Construct a SetCookie expiring the cookie named Config's cookieName.

middleware :: Config -> (Maybe Token -> Application) -> Application Source #

Construct a Middleware (almost) that does the following:

Try to find the CSRF Token among the incoming Request cookies (see Config's cookieName).
Use Config's reject to decide if the incoming Request should be rejected.
If the Request wasn't rejected, we pass the Token found in the cookie, if any, to the underlying Application.

Important: This doesn't set any cookie. You must explicitly add setCookie to a Response yourself.

Token

newtype Token Source #

CSRF token.

It is safe to send and receive the Token through HTTP cookies and headers.
If you need to send or receive the Token as part of the request or response body, use MaskedToken instead.

Constructors

Token (SizedByteArray 32 ByteString)

Instances

Instances details

Show Token Source #
Instance details Defined in Wai.CSRF Methods showsPrec :: Int -> Token -> ShowS # show :: Token -> String # showList :: [Token] -> ShowS #
Eq Token Source #
Instance details Defined in Wai.CSRF Methods (==) :: Token -> Token -> Bool # (/=) :: Token -> Token -> Bool #

randomToken :: MonadRandom m => m Token Source #

A CSRF token is just random 32 bytes. Its meaning and validity depends on how and whether you tie it to a user session.

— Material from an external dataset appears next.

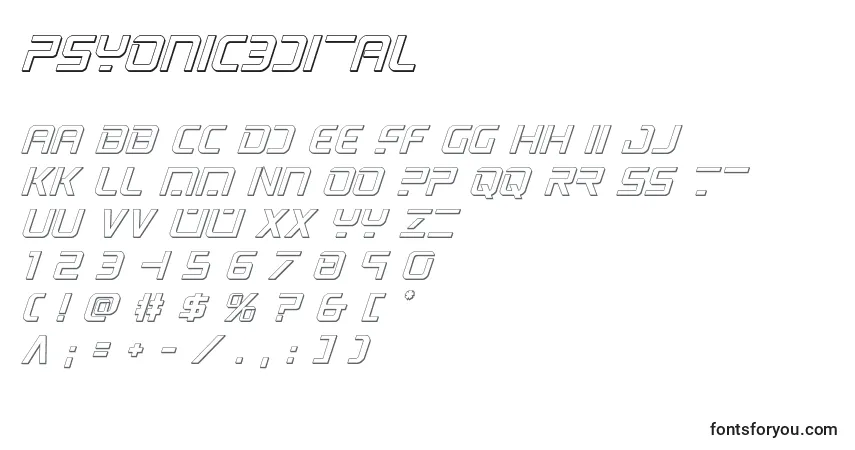 Czcionka Psyonic3dital (137415) – alfabet, cyfry, specjalne znaki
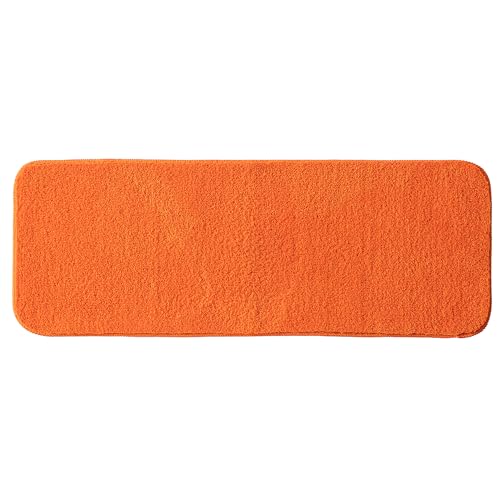 MIULEE Bath Mats Non Slip Bathroom Mats Shower Mat Absorbent Rug Large Rug Door Mat Inside Kitchen Rugs Carpet for Bathroom Bedroom Kitchen Entrance 45x120 cm Orange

tokenToBase64UU :: Token -> ByteString Source #

tokenFromBase64UU . tokenToBase64UU  ==  Just

tokenFromBase64UU :: ByteString -> Maybe Token Source #

tokenFromBase64UU . tokenToBase64UU  ==  Just

Masked token

newtype MaskedToken Source #

If you embed a Token as is in a response body when HTTP body compression is enabled, it is possible for a malicious actor to recover the Token through a BREACH attack or similar. In order to prevent that, send a different MaskedToken (generated with randomMaskToken) each time instead.

Constructors

MaskedToken (SizedByteArray 64 Bytes)

Instances

Instances details

Show MaskedToken Source #
Instance details Defined in Wai.CSRF Methods showsPrec :: Int -> MaskedToken -> ShowS # show :: MaskedToken -> String # showList :: [MaskedToken] -> ShowS #
Eq MaskedToken Source #
Instance details Defined in Wai.CSRF Methods (==) :: MaskedToken -> MaskedToken -> Bool # (/=) :: MaskedToken -> MaskedToken -> Bool #

maskedTokenToBase64UU :: MaskedToken -> ByteString Source #

maskedTokenFromBase64UU . maskedTokenToBase64UU  ==  Just

maskedTokenFromBase64UU :: ByteString -> Maybe MaskedToken Source #

maskedTokenFromBase64UU . maskedTokenToBase64UU  ==  Just

randomMaskToken :: MonadRandom m => Token -> m MaskedToken Source #

unmaskToken <$> randomMaskToken tok and pure tok produce the same output tok.

unmaskToken :: MaskedToken -> Token Source #

unmaskToken <$> randomMaskToken tok and pure tok produce the same output tok.